Spécialiste des urgences humanitaires

Emmy-Lou

Spécialiste des urgences humanitaires

Publié le : 04/03/2025

témoignage

Temps de lecture estimé : 4 minutes

Dieu au milieu de la désolation : témoignage d’une humanitaire

Emmy-Lou, spécialiste des urgences humanitaires, intervient pour gérer des déplacements de population dus à des conflits armés ou des crises sanitaires, comme le choléra. Elle organise l’apport des aides en vivres ou biens essentiels et la coordination de la construction d’infrastructures. Elle nous partage son expérience humaine et spirituelle dans plusieurs pays d’Afrique et du Moyen-Orient.

Trouver Dieu au milieu de la désolation

Où est Dieu ? En tant qu’humanitaire, je me suis posé la question tellement de fois. A Goma, en République Démocratique du Congo, à l’écoute de récits de fratries de filles violées par des hommes qui avaient l’âge d’être leurs pères. Au Burkina Faso, face à des enfants dénutris dont les yeux n’exprimaient que souffrance, dans un paysage détruit par ceux-là mêmes qui professent défendre Dieu. En travaillant, de plus loin, à soutenir les collègues basés à Gaza. Au milieu de la désolation, de la souffrance et de la haine, je ne cesse de me demander : où est Dieu ?

L’humanitaire : une réponse à une quête de sens

Lorsque j’ai choisi de quitter mon poste confortable de manager dans le conseil en stratégie à Paris, et que j’ai commencé à travailler dans des théâtres de guerre, je pensais que j’allais me rapprocher de Lui, que j’allais toucher du doigt le Bien.

J’étais fatiguée de travailler pour des entreprises du CAC 40, fatiguée de voir les employés considérés comme de simples effectifs sur des diaporamas.
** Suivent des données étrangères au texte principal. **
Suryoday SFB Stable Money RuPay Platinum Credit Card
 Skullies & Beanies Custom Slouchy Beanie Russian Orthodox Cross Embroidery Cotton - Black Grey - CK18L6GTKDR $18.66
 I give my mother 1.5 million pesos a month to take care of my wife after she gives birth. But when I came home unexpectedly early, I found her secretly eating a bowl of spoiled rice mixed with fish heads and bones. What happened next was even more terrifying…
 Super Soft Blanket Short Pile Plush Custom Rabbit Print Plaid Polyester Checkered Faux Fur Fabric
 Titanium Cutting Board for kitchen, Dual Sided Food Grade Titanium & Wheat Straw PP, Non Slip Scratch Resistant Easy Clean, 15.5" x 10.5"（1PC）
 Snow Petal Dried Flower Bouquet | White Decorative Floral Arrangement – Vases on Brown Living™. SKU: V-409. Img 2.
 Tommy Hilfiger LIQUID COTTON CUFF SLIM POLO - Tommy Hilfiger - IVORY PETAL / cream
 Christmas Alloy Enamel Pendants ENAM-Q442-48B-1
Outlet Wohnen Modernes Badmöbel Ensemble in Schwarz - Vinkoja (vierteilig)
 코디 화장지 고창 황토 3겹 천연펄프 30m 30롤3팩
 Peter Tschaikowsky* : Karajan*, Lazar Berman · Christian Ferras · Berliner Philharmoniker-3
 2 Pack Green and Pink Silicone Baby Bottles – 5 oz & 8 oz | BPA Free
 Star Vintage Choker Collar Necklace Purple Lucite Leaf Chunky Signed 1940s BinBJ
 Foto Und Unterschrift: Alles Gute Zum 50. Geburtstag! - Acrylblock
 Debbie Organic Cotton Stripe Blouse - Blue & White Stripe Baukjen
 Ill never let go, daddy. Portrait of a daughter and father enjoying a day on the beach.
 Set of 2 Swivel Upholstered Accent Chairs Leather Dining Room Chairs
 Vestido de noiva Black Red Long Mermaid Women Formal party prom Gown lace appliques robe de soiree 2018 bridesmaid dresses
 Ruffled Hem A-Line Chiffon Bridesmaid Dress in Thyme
Je voyais l’humanitaire comme un remède – dans une perspective finalement plus égoïste qu’humaniste, comme une façon de me sauver moi-même et de trouver enfin du sens.

On se surprend à être habité par la haine

Si j’ai trouvé du sens, c’est par le chemin tortueux du mal. Pas seulement le mal observé autour de soi : il est évidemment présent partout, dans les actes de violence qui se déroulent devant vos yeux, dans les décisions injustes que prennent certains dirigeants, dans les rencontres avec des mercenaires dont la carrière se construit sur la seule violence.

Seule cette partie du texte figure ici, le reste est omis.